Not surprisingly the subject matter, as well as the habit, began with marijuana. Kaercher was reminded that the drug probably held no greater harm than the cigarette he was smoking. He took the jab but may have suspected that he was in for a meaningful exchange. “But you must know,” he replied, “that marijuana brings on memory loss, a distorted sense of time and less self-control.” The student pointed out that most drugs were easier to come by than beer or booze; that his parents had gotten their kicks from a legalized drug (alcohol) when they were younger, often without an I.D. card.
Other aspects discussed were peer pressure – saying no makes you odd man out. Also, pot might seem too tame after regular use – or a supplier (friend or dealer) can do some watering down. And there’s the specter of doing even harder stuff that’s been well laced. Either way, the drugs are always out there. Weed, speed, pot, grass, Mary Jane … horse, coke, acid, LSD, ecstasy … the band plays on. All the above is from 40 years ago. Most of it still pertains. It pays to pay attention to the past. That’s where our mistakes come from.

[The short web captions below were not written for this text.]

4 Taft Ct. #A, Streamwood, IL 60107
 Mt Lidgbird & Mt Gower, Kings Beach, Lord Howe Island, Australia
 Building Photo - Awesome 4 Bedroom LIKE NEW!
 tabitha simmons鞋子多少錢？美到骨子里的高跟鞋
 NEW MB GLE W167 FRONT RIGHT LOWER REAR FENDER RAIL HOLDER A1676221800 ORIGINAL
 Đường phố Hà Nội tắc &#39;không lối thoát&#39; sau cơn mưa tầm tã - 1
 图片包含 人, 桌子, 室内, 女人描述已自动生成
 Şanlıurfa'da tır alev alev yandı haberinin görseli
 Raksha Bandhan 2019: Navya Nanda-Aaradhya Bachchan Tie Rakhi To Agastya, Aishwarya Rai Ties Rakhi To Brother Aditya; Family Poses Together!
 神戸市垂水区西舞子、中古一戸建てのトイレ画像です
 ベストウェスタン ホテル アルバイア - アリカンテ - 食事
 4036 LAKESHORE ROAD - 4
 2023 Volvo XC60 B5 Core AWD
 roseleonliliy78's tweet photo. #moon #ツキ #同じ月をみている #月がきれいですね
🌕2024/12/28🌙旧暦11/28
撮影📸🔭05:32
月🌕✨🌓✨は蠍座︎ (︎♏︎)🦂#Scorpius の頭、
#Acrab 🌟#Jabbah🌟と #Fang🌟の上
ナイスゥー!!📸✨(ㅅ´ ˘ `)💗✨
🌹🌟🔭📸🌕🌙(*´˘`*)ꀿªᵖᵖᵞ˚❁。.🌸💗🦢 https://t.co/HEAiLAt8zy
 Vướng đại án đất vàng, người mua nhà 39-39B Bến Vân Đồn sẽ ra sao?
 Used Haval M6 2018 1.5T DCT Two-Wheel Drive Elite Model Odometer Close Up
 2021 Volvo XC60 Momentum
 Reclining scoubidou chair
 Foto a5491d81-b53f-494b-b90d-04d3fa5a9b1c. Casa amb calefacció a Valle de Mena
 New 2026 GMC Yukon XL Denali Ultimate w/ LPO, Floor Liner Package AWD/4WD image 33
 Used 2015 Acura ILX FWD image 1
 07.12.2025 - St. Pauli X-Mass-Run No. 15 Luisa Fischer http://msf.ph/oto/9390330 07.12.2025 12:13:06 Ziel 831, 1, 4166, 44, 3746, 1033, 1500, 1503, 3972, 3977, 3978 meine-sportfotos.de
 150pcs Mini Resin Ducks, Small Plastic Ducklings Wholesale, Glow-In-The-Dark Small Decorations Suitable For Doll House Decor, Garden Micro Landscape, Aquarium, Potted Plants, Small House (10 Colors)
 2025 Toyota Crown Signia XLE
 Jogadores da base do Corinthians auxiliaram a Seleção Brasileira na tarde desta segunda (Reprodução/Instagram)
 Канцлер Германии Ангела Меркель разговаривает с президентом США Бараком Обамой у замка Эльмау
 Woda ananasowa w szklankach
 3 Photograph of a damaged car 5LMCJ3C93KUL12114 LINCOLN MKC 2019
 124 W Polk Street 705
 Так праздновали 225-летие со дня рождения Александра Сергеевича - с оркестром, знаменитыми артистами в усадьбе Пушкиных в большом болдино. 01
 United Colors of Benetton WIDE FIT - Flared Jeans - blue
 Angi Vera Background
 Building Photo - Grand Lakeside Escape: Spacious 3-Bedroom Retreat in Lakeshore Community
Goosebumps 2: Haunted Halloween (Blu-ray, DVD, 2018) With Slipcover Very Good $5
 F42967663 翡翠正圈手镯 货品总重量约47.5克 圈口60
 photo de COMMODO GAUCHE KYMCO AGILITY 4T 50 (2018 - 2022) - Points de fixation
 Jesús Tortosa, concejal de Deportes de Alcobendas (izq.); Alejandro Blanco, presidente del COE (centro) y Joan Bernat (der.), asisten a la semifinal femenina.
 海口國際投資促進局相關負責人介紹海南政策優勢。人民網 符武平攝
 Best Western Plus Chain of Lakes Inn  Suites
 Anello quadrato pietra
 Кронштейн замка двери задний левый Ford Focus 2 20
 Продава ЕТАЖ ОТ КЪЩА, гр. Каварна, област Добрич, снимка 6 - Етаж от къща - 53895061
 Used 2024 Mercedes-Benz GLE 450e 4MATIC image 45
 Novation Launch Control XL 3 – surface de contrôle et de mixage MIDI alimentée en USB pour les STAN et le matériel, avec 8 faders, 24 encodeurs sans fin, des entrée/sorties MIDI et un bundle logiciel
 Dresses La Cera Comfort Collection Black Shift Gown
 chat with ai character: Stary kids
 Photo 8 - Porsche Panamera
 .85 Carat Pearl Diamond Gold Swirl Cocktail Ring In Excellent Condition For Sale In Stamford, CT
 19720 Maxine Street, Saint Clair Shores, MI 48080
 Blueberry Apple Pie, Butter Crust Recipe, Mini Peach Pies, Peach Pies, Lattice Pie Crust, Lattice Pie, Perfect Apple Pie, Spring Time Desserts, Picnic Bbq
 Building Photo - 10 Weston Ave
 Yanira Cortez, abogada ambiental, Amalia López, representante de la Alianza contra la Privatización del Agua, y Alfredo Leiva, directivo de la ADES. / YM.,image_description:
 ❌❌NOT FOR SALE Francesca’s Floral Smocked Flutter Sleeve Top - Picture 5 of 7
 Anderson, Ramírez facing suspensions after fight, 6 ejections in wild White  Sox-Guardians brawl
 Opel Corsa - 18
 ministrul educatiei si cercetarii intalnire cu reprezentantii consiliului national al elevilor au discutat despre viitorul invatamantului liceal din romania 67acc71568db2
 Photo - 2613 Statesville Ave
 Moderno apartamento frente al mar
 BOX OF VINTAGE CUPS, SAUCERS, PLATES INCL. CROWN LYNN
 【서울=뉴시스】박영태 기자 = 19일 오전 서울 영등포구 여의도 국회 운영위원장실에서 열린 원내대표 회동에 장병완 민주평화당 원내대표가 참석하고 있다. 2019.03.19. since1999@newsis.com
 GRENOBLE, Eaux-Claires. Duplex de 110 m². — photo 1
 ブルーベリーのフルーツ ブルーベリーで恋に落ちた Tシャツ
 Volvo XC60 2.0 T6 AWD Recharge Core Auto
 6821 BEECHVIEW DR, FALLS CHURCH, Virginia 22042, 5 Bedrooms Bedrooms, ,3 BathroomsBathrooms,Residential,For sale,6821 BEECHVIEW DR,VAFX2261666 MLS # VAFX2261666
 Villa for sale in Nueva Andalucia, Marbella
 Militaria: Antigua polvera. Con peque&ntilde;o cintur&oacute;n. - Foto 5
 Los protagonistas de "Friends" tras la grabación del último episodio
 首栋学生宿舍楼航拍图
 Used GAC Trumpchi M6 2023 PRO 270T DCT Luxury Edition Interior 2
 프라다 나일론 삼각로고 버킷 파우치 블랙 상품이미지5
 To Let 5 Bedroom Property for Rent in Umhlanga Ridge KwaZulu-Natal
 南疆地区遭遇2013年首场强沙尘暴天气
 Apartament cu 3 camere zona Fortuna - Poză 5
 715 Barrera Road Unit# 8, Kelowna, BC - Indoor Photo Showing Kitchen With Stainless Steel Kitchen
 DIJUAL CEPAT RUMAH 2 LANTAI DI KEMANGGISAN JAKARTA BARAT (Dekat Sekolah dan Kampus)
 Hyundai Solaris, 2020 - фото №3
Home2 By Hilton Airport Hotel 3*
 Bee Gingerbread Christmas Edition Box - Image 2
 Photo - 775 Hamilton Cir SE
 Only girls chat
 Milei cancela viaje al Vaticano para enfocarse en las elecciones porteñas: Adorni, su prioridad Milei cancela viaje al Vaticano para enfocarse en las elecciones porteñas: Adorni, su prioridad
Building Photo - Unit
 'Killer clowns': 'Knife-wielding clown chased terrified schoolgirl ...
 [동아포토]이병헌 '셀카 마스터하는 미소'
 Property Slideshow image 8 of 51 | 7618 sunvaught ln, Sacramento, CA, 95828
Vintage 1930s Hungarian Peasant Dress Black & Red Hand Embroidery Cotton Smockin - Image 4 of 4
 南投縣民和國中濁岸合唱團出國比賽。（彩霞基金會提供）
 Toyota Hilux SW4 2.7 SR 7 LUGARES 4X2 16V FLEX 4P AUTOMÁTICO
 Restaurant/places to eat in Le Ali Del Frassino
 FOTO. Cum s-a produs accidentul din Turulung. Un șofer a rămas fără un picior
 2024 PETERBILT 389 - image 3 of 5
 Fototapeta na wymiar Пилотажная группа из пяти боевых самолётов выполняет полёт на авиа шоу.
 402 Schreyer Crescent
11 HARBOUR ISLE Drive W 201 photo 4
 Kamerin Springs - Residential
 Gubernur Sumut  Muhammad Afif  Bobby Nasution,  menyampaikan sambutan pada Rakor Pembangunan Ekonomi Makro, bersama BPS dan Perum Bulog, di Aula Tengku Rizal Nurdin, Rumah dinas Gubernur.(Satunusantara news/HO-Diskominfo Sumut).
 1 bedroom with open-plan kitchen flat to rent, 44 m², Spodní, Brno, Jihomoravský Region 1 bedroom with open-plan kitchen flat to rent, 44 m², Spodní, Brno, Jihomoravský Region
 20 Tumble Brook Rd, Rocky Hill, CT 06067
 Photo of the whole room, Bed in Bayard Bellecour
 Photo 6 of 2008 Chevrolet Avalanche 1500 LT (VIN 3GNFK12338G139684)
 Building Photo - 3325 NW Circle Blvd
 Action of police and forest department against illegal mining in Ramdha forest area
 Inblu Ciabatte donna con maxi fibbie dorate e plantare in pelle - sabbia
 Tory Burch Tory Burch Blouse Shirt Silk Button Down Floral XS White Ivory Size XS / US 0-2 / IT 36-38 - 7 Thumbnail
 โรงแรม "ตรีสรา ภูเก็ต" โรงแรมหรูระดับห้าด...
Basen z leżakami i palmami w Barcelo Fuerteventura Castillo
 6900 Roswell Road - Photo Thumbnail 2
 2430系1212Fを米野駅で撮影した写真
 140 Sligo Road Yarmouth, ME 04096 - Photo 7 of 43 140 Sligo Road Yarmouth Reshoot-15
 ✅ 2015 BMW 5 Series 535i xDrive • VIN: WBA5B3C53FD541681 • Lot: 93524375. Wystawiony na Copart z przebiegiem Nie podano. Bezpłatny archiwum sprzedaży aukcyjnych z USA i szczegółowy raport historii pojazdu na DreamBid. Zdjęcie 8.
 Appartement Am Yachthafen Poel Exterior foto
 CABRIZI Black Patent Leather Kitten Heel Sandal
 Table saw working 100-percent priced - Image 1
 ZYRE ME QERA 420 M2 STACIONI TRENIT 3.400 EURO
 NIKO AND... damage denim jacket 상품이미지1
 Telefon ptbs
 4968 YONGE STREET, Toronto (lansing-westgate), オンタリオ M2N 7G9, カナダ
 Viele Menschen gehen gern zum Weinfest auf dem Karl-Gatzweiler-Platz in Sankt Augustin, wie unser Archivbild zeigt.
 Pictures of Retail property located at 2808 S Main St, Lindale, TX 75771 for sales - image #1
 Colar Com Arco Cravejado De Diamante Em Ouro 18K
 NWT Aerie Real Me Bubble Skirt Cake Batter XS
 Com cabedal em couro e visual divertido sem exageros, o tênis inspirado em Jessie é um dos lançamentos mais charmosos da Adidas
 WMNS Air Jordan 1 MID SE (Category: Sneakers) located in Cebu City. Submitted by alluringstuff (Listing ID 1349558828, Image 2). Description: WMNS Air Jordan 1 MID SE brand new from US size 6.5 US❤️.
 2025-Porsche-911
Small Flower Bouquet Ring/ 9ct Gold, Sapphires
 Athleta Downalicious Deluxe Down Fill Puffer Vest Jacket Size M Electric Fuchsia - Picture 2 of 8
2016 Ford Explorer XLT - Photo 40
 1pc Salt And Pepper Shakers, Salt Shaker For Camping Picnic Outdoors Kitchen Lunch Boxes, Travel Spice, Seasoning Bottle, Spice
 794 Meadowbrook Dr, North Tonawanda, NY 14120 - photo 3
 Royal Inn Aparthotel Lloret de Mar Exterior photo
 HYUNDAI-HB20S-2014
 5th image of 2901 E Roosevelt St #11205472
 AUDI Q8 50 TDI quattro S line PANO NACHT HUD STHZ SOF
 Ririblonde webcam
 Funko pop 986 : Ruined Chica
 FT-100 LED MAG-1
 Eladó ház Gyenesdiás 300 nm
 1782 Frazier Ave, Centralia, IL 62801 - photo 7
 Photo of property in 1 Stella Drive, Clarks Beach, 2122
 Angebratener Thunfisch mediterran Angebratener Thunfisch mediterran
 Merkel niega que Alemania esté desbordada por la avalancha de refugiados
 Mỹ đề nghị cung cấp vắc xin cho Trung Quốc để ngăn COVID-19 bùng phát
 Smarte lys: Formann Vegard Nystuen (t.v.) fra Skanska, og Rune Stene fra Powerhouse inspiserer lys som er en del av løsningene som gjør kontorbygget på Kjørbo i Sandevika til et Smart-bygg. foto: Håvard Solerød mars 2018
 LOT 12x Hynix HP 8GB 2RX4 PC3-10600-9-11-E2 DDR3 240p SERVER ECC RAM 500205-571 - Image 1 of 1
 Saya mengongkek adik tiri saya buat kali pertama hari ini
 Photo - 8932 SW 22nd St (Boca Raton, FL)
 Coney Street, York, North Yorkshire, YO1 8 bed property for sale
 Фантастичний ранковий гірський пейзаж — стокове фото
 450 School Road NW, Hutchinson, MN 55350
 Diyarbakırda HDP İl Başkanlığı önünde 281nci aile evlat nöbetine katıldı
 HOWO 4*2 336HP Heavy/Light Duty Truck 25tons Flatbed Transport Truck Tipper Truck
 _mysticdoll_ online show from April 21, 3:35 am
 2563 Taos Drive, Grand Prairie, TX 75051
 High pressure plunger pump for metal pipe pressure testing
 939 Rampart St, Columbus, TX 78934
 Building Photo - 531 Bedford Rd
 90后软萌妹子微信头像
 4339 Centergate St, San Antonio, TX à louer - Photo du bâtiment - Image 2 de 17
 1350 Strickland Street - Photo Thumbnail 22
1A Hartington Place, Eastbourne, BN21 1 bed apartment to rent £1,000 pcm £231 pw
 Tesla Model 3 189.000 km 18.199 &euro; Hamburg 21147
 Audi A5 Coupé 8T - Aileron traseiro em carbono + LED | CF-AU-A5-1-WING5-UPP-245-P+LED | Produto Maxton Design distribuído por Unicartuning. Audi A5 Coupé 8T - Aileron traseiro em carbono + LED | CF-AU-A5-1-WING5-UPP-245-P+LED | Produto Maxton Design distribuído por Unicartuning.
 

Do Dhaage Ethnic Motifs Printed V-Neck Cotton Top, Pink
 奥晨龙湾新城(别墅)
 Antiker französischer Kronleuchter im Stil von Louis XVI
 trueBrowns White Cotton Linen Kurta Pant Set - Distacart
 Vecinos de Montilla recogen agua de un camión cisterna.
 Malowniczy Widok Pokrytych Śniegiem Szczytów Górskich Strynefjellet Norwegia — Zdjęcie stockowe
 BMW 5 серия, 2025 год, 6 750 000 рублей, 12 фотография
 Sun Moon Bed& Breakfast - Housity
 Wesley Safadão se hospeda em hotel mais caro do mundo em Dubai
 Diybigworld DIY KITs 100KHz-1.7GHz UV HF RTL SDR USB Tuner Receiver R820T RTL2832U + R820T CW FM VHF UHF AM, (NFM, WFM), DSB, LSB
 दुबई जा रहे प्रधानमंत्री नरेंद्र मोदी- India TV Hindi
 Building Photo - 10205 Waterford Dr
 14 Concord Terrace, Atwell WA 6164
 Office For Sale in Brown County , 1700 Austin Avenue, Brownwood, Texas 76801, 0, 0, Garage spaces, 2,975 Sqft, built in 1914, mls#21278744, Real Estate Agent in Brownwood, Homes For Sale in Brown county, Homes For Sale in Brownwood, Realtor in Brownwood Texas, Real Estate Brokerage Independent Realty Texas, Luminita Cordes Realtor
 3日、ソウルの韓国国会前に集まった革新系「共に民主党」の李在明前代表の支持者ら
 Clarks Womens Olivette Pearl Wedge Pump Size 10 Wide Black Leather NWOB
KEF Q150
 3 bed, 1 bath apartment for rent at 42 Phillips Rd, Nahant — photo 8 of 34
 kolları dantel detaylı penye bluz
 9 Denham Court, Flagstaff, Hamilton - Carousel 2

From the June 24, 1970 Forest Park Review
30 years ago
Here’s what can surface when you’re searching old copies of past Reviews. The accompanying photo was found in a June, 1980 copy. You’re looking at a stretch of Circle Avenue that gave way to the airspace of the overpass 54 years ago. Visible in the far distance are the gates of the Soo Line Railroad and Rapid Transit Line, then known as the Garfield Terminal. Because the “Ike” was being carved through our village, passage between Forest Park north and south was rerouted, and the Fire Department put a pumper in the garage of Thomas McQueen & Co. at 1313 Circle Ave. It was promptly dubbed Fire House #2.
From the June 4, 1980 Forest Park Review
20 years ago
The Story Behind a Stolen Car – by Name Withheld
The Datsun stolen on Sunday was mine. I witnessed a figure from my window trying to back it out of its space. Because the car has a finicky stick shift I knew I had a little time as I called the police. I gave my name, address, car make, year, plate numbers and – getting a little panicky – told them that the theft was in progress.
By now, the thief had figured out the gear pattern and started to pull out. Phone still in hand, I gave directions ’til he was out of sight. A police officer arrived 11 minutes after I called. You cannot imagine greater helplessness than watching your car being stolen while reporting it to the police.
From the June 20, 1990 Forest Park Review
10 years ago
If word hasn’t gotten around that our Circle Theatre is indeed the real thing, somebody better fix the word machine. After several years of putting out dramas-after musicals-after revivals-after first runs, and garnering a slew of Jefferson Awards along the way – it’s no longer that quaint little hole-in-the-wall upstart, but a quality, proven theater experience; a tarnished crown right here in our suburb!
That’s how Circle Theatre was 10 years ago when it took six awards. It was led by Rebecca Gilman’s interpretation of the infamous Richard Speck’s unspeakable murder of eight student nurses on Chicago’s South Side in August 1966 The Crime of the Century.
This presentation may have been one of the three finest in the theater’s history. (I was there, so I know.) Citations went to Seema Sueko who played Corazon Amurao, the overlooked real life survivor of the senseless rape and killing rampage. Winning director Greg Kolack shared deserved admiration for successfully staging a shocking event without sensationalism. He and playwright Gilman knew that real horror happens in the head, not on a stage.
From the June 11, 2000 Forest Park Review.